The differences in design across panels stem, to some extent, from differences in methodological convictions about optimal survey strategies and, to a further extent, from differences in funding structures and the institutional settings of the panels. For example, whether a panel encourages questionnaire submissions from the general research community depends on the overall purpose of the panel and the reasons why the respective national research council funded the study. Decisions about start date and frequency of waves (every month or every second month) depend on the panel’s capacity for managing frequent questionnaire design and programming cycles, as well as on convictions about the relationship between attrition rates, interview frequency, and timing of wave invitations. Unfortunately, while there is empirical evidence about some design decisions, such as the effect of contact mode and incentives at recruitment (see Section 4), the effect of organizational decisions on the general design of surveys, such as the outsourcing of survey operations and the timing of each wave, remains untested.
Target Populations, Coverage, and Sampling
The key goal of all four panels is to repeatedly survey a sample of the general population in a self-completion mode over time, yet also including persons who have no private access to a computer and/or the Internet, or who hesitate to participate online, despite having access to the necessary equipment. Table 2 displays how the panels chose to accomplish this goal in terms of coverage and sampling. The strategies vary across panels; some of this variation is due to differences across countries in available sampling frames. However, the numerous differences also reflect the array of options available to achieve this one goal.

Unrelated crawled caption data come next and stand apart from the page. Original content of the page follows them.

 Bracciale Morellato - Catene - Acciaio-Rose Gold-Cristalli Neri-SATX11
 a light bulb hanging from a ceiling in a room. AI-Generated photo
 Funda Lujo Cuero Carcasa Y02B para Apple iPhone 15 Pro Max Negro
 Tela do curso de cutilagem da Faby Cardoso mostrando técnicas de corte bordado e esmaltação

Target Populations, Coverage, and Sampling.
One key difference across panels is the unit of analysis. While the LISS Panel is a panel of households, the GIP, the ELIPSS Panel, and the GESIS Panel are panels of individuals. In household panels, researchers are primarily interested in the household as a whole and in interactions between household members. Household panels thus typically aim to interview all household members, which allows for analyzing household dynamics and individual characteristics (e.g., Cherchye, De Rock, & Vermeulen, 2012). In panels of individuals, by contrast, the research questions focus on individual characteristics, attitudes, and behaviors. The choice of a household versus an individual panel has operational consequences. The LISS Panel follows all original household members also when a household splits up and when new members enter an existing household. Household members who become age eligible (i.e., turn 16 years old) are invited into the panel. The GIP also interviews all household members who are age eligible and live in a selected household at recruitment. However, it is a panel of individuals who are clustered in households rather than a household panel. The key difference is that the GIP only follows those persons who were part of the sample at the time of recruitment. New household members and children who become age eligible during the lifetime of the panel are not invited to participate in the GIP. Both the ELIPSS and the GESIS Panels recruit individuals, typically one person per household, and follow these individuals, rather than the entire household, over time.

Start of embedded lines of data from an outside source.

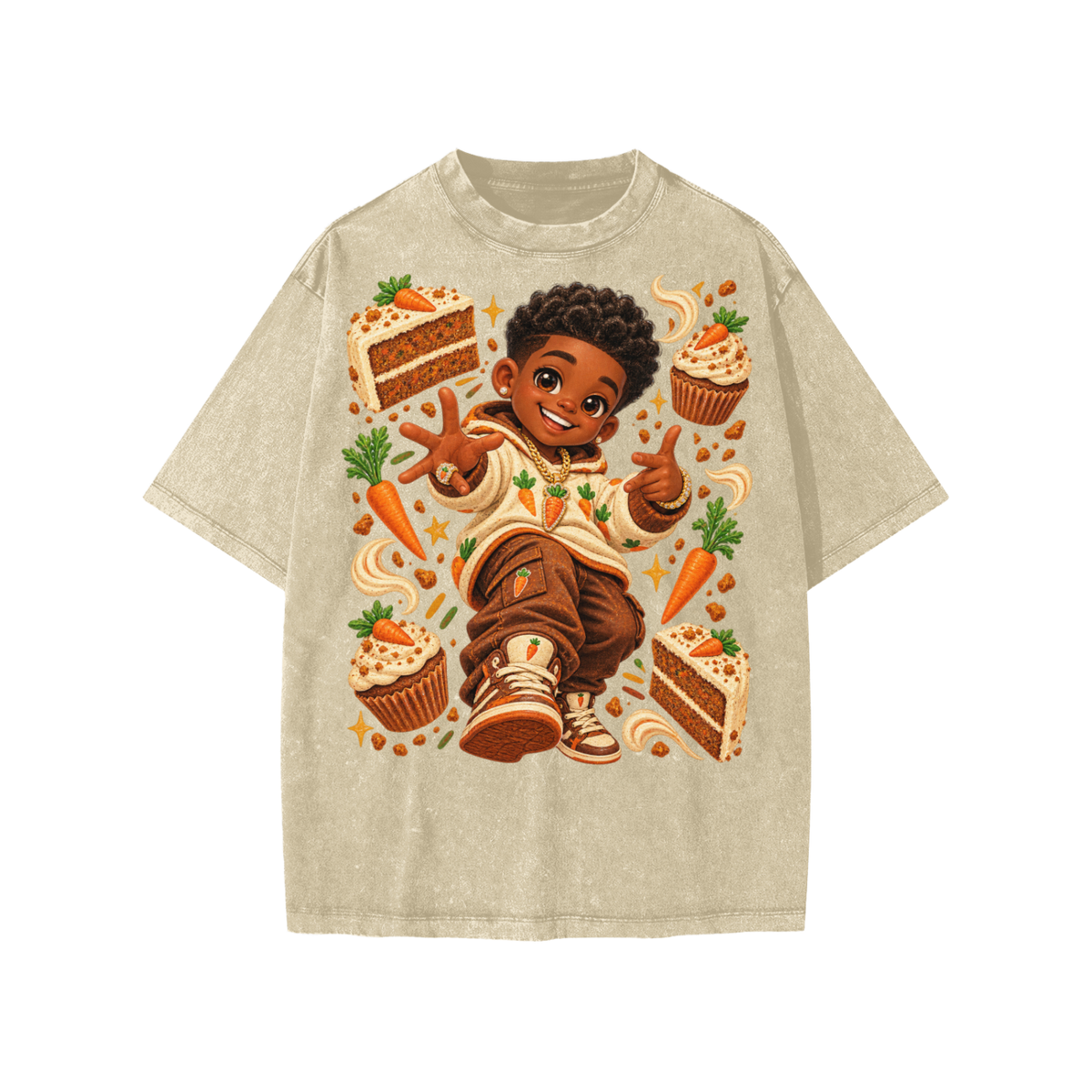 Amani S Carrot Cake Snow Washed Kids' T-Shirt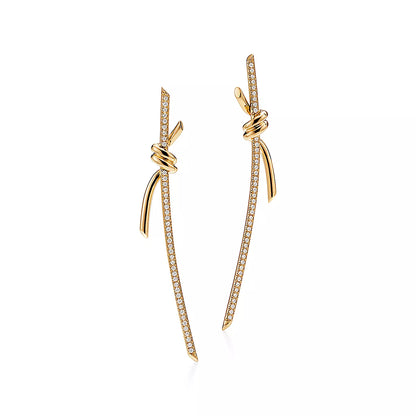[Rose Tomorrow]KNOT DROP EARRINGS IN YELLOW GOLD WITH DIAMONDS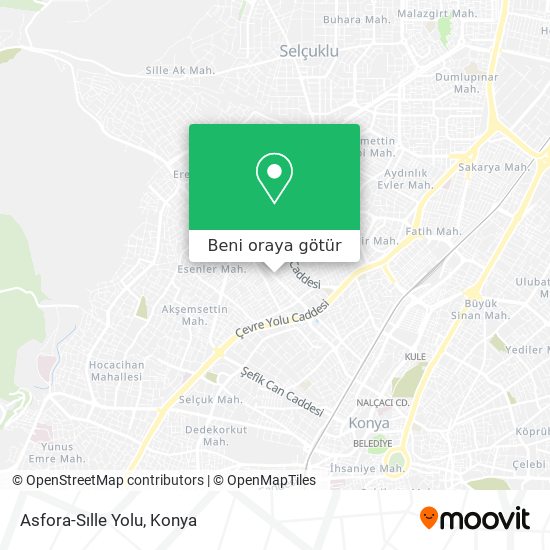 Asfora-Sılle Yolu harita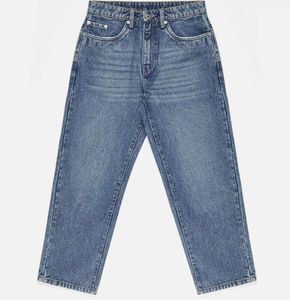 2025 New Medium Washed Custom Men Straight Classic 100% Cotton Street Jeans Negro - Product Image 4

The four panels follow different strategies regarding how sample units that do not have a computer and/or Internet at the time of recruitment are included in the panel. The LISS Panel equips previously offline households with broadband Internet and a special computer, the so-called simPC. It is operated by large “buttons” for the most frequently used functions and has screens that are designed to be easily readable for people who are sight impaired. In addition, a large button with an LISS logo is available for easy access to the questionnaires. Within offline households, all household members can participate in the panel via this equipment. When a household moves, all the equipment is re-installed by a service company or the respondent at the household’s new address. In case a split-off household is followed, new equipment is installed at the new household, if necessary.

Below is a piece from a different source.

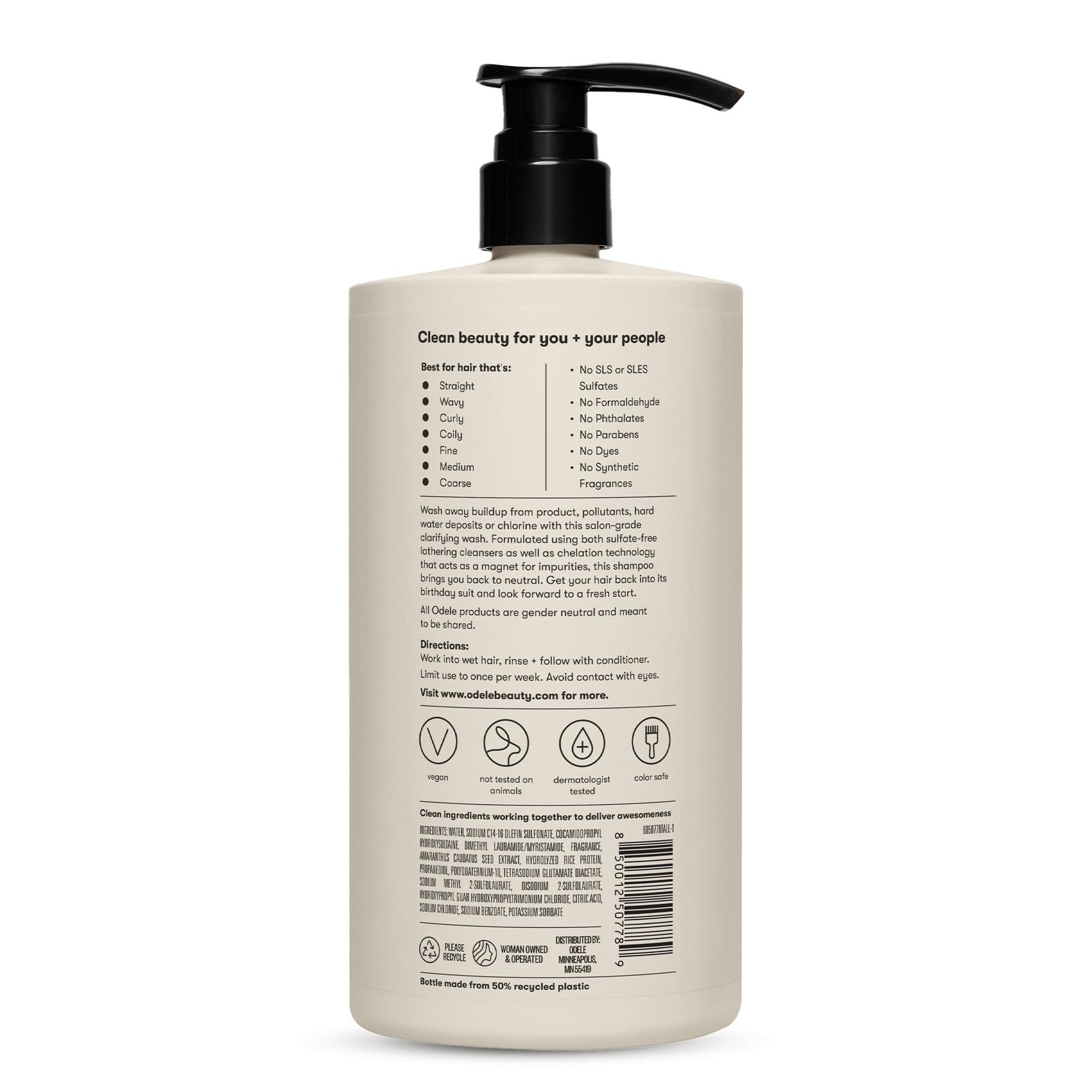 Odele Clarifying Shampoo on bathroom shelf under natural light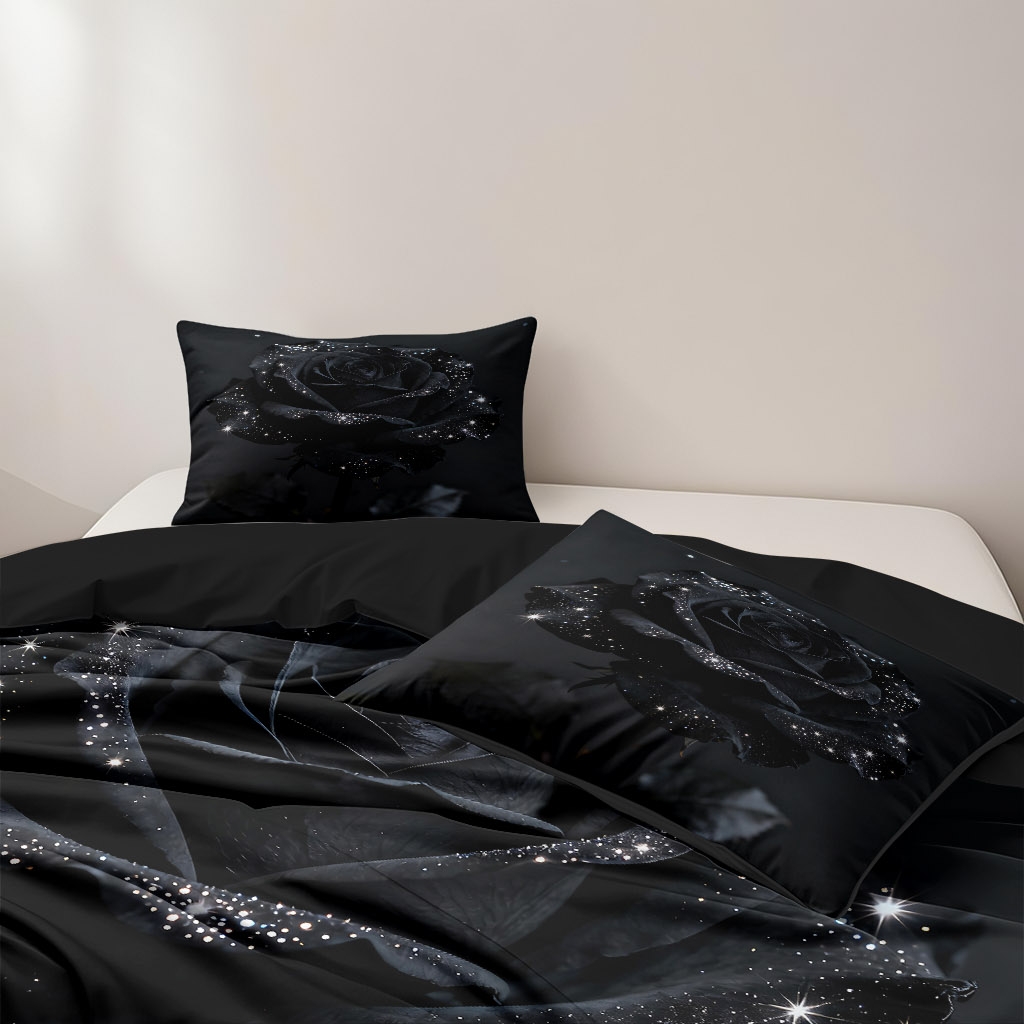 TEMU 2/3pcs Fashion Trendy Black Rose Shimmer Pattern Bedding Set, Multiple Sizes , Soft Light Beige-friendly Comfortable Warm Machine Washable,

The GIP also equips previously offline households with a user-friendly computer and broadband (3G or LTE) Internet. In 2012, the computer equipment consisted of a BenPC, a specially programmed touch-screen desktop computer, which is very similar in its operation to the LISS simPC. Given the rapid technological advances in user-friendly tablet computers, the GIP changed its equipment for the previously offline households in the 2014 refreshment sample to tablets with a special GIP interface and an external keyboard. When original sample members in an equipped household move, the GIP ensures that all equipment is reinstalled at the new location and, if necessary, new equipment is provided. Since the GIP is a panel of individuals, only the originally sampled persons are followed over time and, if needed, equipped with a computer/tablet and Internet access.
The ELIPSS is a sample of individuals and provides every panel member whether previously online or offline with an A5-sized tablet computer and free 3G Internet access. The equipment is thus a personal device, independent of household structures and moves. Interviews are conducted through a special ELIPSS app installed on each tablet, thus eliminating differences in the online display of questions across different types of computer systems (see Callegaro, 2010; Couper, 2008, ch. 4; Tourangeau, Conrad, & Couper, 2013, see also the unimode design principle put forward by Dillman, Smyth, & Christian, 2009, ch. 6; Link et al., 2014).
Finally, the GESIS Panel surveys persons who are unable or unwilling to participate online via mailed paper questionnaires. Because it is a sample of individuals, the GESIS Panel does not follow household splits, but regularly updates its address database for panel members who move, to ensure that letters and mailed paper questionnaires reach their destination.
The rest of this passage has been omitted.